Would you please set down, word for word, the lines from the one with "IGFBP7 Antibody in" through the final line of the data below, omitting any pictures?

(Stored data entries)
------------

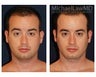 Chin Liposuction - Lower Facial Rejuvenation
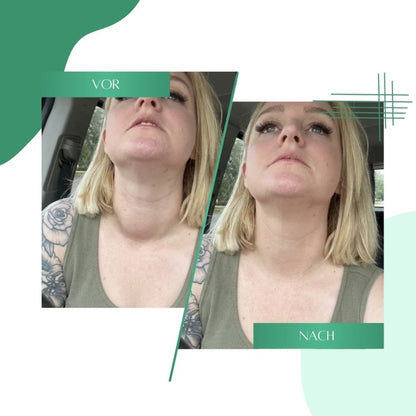 ThyroWell™  | Unterstützung der Schilddrüse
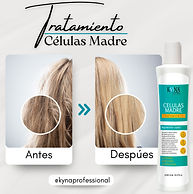 ¿Cómo detener la caÃda del cabello.jpg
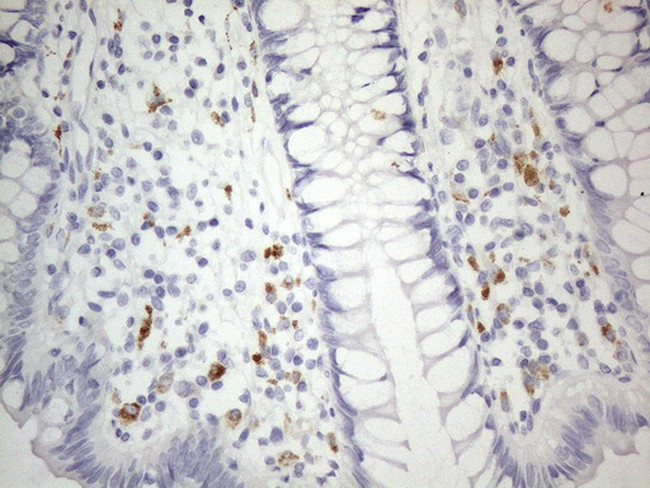 ZNF217 Antibody in Immunohistochemistry (Paraffin) (IHC (P))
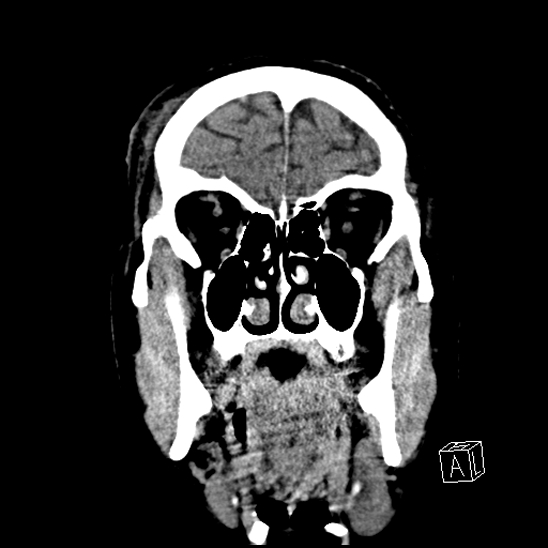File:Cerebral abscess with ventriculitis (Radiopaedia 78965-91876 B 11).jpg
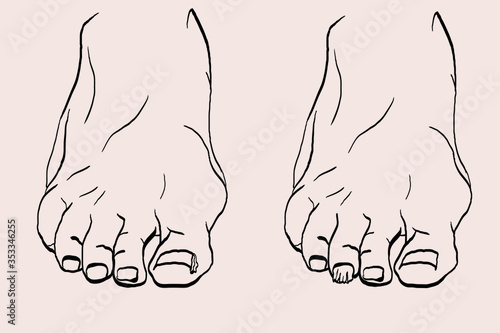 foot drawn with podiatry problems. Fingers and nails to be restored for the podiatrist. Linear illustration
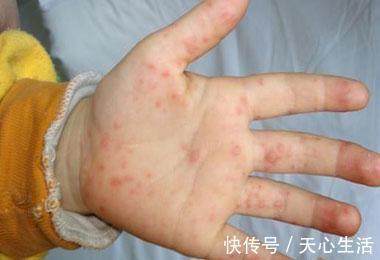 症状|手和脚有3个症状，说明血糖很高了，别忽视，尿毒症会找上你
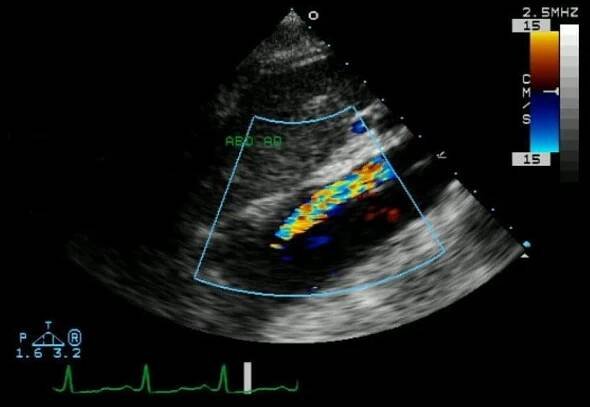 Elektrokardiogram vs Echokardiogram: Rozdíl a srovnání
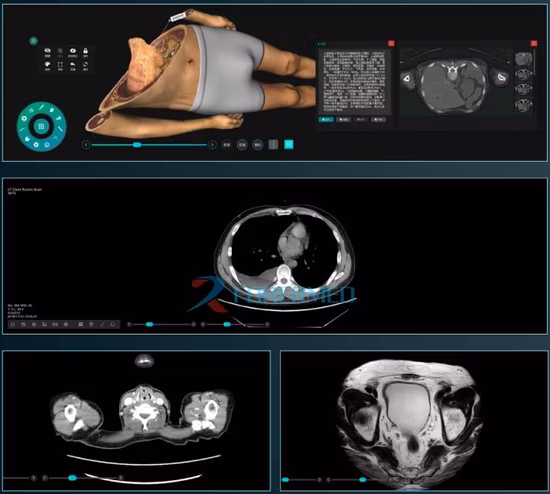Fabrikneuer Anatomage Anatomy 3D Medical für die Schule, digitaler virtueller Autopsietisch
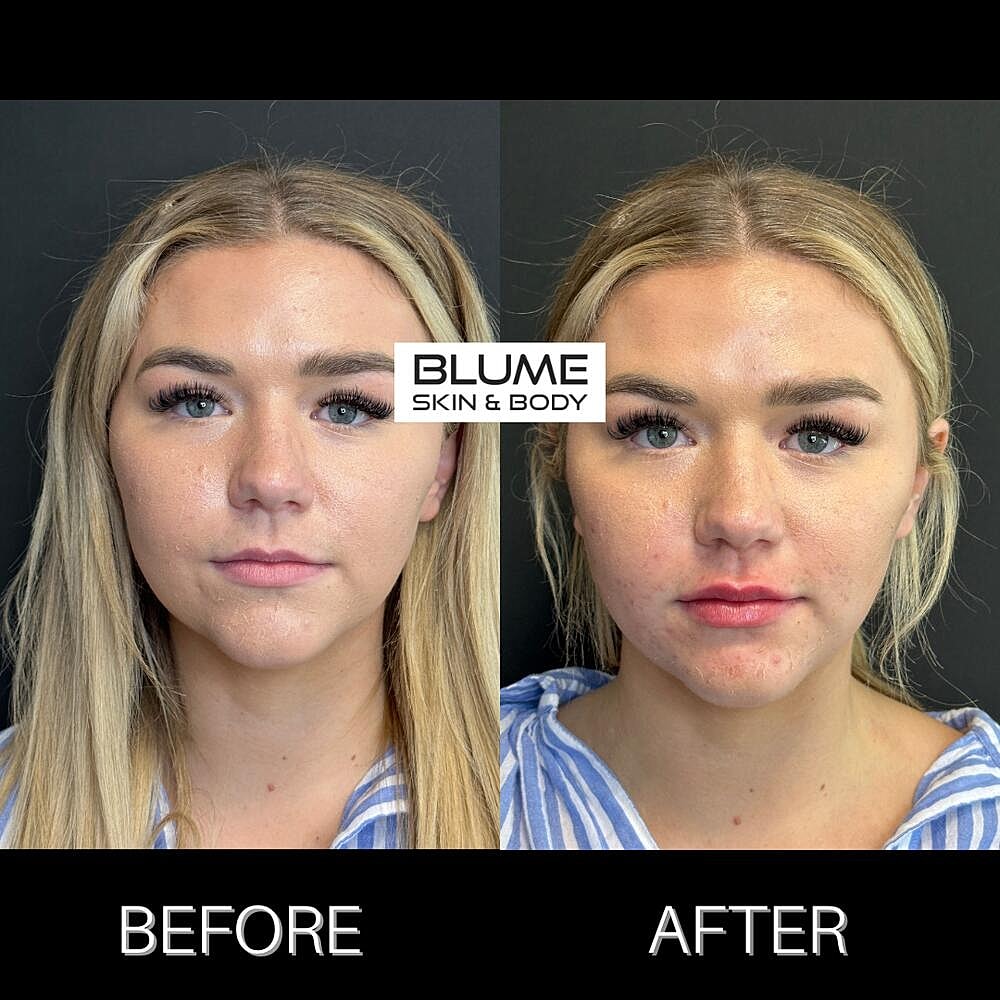 Dermal Fillers Before & After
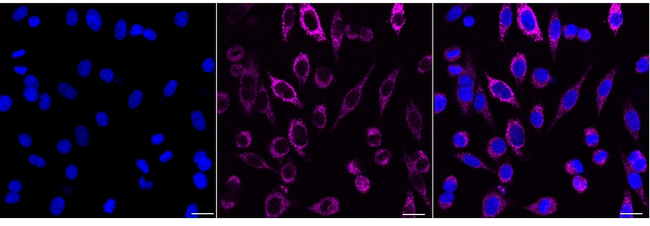 IGFBP7 Antibody in Immunocytochemistry (ICC/IF)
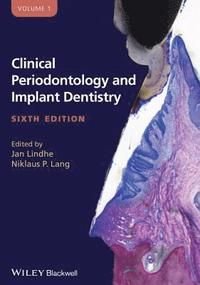 Clinical Periodontology and Implant Dentistry, ISBN: 9780470672488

------------

_REPLY_:
 IGFBP7 Antibody in Immunocytochemistry (ICC/IF)
 Clinical Periodontology and Implant Dentistry, ISBN: 9780470672488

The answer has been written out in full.